Try it: Nothing but an exact repeat of the data, with pictures removed, belongs in the answer.

The data:
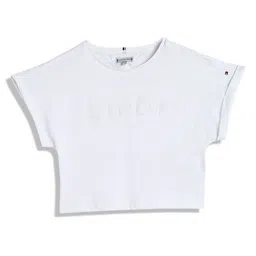 Tommy Hilfiger Girls Typography Printed Round Neck Cotton Relaxed Fit T-shirt-image-33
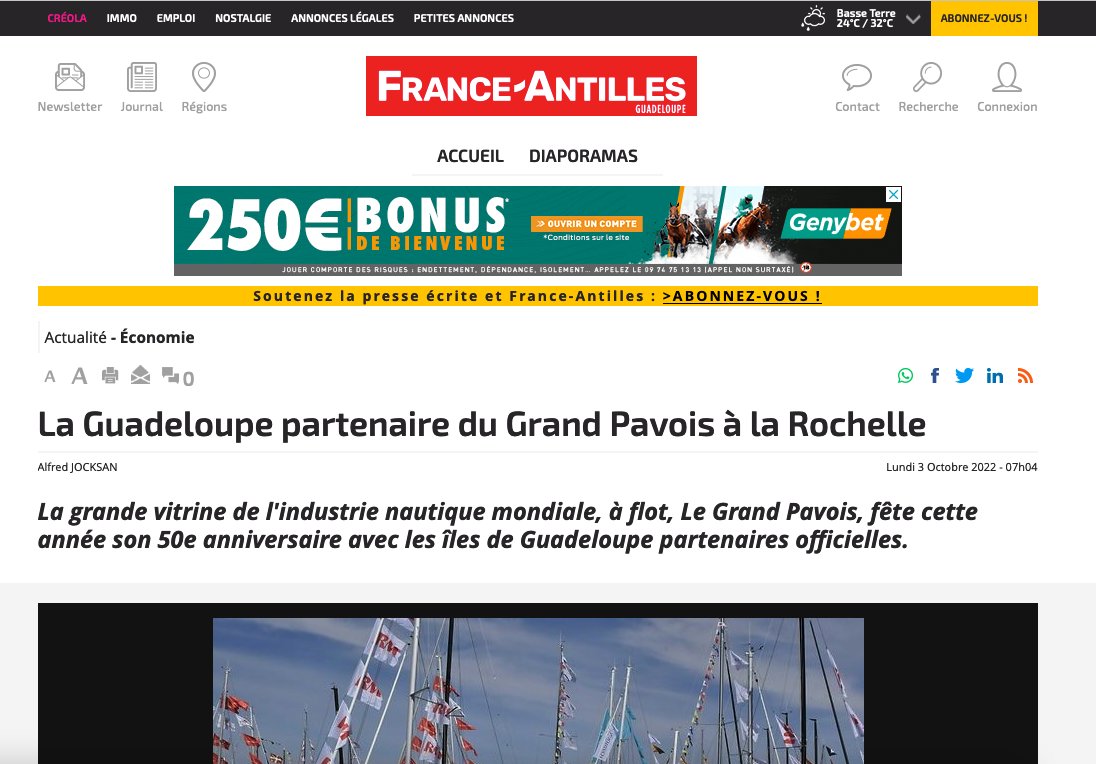 #grandpavois 2022 - La Guadeloupe, présente au Grand Pavois, à lire.
#regionguadeloupe #mariegalante

guadeloupe.franceantilles.fr/actualite/econ…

Task output:
 Tommy Hilfiger Girls Typography Printed Round Neck Cotton Relaxed Fit T-shirt-image-33
 #grandpavois 2022 - La Guadeloupe, présente au Grand Pavois, à lire.
#regionguadeloupe #mariegalante

guadeloupe.franceantilles.fr/actualite/econ…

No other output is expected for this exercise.